New insights into what really drives cancer at its most basic level are challenging our whole view of the disease. Garry Hamilton reports

ONE of the worst things facing cancer patients is the uncertainty. Often, their doctors cannot give them an accurate picture of how rapidly their disease is likely to progress, how it will respond to treatment or even what treatment would be most appropriate. In some cases doctors may be unable to say exactly what type of cancer a patient has.

But that is about to change. A wave of optimism is spreading among cancer researchers, thanks to new technology that lets them watch how genes operate inside cancer cells and predict how that particular tumour will behave. What’s more, these new insights will transform our view of the disease. In the future, we will not talk of breast cancer or lung cancer. Instead we will classify tumours according to their particular pattern of abnormal gene activity. In effect, we will be seeing cancer for what it really is – a disease of the genes.

If the predictions come true, how we treat cancer now will seem like a crude footnote in history. In its place oncologists will have a system that lets them precisely quantify what a tumour is, know exactly how it is likely to progress, and be able to predict exactly which treatment is likely to have the best outcome.

Until now oncologists knew very little about the workings of a tumour cell. Although decades of hard slog have uncovered many key genes associated with cancer, how these and many other genes interact to drive the basic biology of the tumour is still largely a closed book. That means doctors base diagnoses, treatment and predictions of outcome on educated guesswork combined with subjective interpretation of a patient’s age and health and what the tumour looks like under a microscope.

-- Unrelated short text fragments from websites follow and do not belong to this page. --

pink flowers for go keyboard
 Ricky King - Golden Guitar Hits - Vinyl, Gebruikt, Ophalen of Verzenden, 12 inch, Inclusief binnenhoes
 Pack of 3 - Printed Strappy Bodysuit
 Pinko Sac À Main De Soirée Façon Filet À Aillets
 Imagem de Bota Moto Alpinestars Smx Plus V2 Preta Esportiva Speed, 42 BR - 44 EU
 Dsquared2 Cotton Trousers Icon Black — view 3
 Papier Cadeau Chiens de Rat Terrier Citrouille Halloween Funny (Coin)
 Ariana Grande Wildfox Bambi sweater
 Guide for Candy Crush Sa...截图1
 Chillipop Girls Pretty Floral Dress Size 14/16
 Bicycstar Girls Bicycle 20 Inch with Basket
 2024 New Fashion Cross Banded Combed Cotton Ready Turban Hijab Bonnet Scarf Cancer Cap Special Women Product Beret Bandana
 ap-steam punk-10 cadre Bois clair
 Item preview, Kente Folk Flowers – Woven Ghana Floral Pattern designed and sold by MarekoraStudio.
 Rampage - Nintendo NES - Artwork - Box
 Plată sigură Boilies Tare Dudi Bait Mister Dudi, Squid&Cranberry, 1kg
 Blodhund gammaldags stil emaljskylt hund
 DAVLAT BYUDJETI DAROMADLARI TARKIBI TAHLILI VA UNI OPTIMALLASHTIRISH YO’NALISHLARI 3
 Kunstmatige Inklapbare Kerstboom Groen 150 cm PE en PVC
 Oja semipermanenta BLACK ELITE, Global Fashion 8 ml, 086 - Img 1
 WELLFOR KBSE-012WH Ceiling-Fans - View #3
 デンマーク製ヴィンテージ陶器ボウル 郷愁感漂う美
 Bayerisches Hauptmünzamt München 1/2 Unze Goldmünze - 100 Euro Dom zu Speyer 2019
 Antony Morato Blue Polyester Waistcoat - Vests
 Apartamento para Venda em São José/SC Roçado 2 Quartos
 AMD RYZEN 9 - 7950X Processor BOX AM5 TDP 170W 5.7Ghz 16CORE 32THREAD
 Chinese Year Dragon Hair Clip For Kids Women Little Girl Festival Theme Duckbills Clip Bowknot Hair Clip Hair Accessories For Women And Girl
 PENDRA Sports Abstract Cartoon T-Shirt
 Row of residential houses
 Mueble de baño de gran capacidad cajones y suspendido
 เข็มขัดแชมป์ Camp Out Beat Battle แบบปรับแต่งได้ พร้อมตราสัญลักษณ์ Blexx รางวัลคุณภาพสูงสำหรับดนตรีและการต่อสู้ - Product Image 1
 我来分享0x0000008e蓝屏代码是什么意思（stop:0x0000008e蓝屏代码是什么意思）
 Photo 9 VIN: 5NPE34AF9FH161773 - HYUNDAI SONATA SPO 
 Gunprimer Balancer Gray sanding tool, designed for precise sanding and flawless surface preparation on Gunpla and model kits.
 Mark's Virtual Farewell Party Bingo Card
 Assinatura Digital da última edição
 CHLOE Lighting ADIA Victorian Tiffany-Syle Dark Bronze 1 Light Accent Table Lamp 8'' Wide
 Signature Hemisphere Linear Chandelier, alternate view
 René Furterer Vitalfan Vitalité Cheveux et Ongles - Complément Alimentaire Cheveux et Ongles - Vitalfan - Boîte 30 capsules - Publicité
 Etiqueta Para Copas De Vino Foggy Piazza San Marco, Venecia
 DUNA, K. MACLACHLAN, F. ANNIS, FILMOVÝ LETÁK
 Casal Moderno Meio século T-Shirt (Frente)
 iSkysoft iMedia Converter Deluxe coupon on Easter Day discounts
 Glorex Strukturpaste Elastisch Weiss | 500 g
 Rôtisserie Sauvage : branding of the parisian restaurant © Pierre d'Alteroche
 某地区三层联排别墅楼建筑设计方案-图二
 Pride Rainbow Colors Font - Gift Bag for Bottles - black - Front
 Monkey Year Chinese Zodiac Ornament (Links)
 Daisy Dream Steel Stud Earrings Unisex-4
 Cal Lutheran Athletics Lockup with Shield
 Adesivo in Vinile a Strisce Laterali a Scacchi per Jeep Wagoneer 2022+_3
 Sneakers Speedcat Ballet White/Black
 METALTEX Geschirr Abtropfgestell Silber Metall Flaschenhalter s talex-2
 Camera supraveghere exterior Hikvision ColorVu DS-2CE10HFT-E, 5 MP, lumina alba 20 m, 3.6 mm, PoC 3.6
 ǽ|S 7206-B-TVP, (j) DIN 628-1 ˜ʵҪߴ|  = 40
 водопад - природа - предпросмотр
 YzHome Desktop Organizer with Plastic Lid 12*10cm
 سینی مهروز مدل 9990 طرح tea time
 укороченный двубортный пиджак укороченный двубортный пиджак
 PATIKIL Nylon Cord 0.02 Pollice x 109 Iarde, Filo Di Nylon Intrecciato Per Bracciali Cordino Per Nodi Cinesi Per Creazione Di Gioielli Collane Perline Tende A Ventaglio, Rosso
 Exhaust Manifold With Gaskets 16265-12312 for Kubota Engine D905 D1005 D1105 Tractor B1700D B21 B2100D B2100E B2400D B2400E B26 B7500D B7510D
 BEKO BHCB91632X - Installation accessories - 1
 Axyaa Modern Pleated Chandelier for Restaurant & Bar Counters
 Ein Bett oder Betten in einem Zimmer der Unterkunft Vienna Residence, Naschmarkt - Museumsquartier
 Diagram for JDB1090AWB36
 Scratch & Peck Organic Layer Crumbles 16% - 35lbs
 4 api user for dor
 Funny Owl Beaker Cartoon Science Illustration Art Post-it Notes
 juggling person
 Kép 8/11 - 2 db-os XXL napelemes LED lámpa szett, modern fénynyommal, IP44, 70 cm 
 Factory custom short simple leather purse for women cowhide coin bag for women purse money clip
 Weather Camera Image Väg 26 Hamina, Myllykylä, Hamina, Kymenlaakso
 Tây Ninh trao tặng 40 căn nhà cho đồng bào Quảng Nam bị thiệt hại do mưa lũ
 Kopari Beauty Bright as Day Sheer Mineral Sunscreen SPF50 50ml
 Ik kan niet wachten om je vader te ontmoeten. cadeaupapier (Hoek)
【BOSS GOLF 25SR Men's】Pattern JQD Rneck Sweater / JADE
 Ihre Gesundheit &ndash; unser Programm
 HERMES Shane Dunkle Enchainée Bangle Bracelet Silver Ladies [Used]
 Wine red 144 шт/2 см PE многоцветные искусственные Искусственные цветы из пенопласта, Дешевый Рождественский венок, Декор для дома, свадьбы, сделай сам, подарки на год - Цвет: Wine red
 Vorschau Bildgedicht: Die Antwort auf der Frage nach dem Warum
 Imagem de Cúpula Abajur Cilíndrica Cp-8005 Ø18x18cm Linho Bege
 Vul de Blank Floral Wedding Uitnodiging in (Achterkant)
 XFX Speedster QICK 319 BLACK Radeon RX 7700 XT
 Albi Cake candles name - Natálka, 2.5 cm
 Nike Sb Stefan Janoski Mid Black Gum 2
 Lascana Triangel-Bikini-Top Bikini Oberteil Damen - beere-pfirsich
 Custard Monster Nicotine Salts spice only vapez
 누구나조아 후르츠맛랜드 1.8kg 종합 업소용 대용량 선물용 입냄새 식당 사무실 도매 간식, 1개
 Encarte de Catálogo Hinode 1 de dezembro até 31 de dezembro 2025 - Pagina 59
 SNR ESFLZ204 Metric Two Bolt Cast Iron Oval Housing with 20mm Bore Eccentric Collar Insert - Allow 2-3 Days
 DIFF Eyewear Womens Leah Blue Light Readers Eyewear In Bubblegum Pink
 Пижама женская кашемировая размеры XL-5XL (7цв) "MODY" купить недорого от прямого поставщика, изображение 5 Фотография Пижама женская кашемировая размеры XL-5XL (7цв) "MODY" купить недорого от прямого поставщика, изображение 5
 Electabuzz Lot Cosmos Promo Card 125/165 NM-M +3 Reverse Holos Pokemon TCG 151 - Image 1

Todd Golub plans to change all this. A cancer biologist at the Dana-Farber Cancer Institute in Boston and director of the cancer genomics programme at the Whitehead Institute Center for Genome Research in Cambridge, Massachusetts, Golub has a vision – to build a map that shows how all the genes within a cell interact and how this changes when it becomes cancerous. He and his team are using a tool called a DNA microarray to eavesdrop on the activity of thousands of genes simultaneously and so get much closer to what drives cancer at its most basic level.

Although still in its infancy, this approach might make it possible to find a unique gene activity “signature” for each kind of cancer, and to use this signature to predict whether a tumour is likely to spread to another part of the body, or whether it will respond to a particular therapy. It will also name that kind of cancer based primarily on which particular genes are misbehaving rather than its tissue of origin. “It opens up a whole new way of looking at cancer cells,” says cancer biologist Jonathan Pollack at Stanford University in California.

Ultimately, the aim is to understand every interaction of every relevant gene in every tumour type, and then follow the genetic changes over the course of the disease. With this intricate map of interactions in hand, they hope to open up a new era in the fight against cancer.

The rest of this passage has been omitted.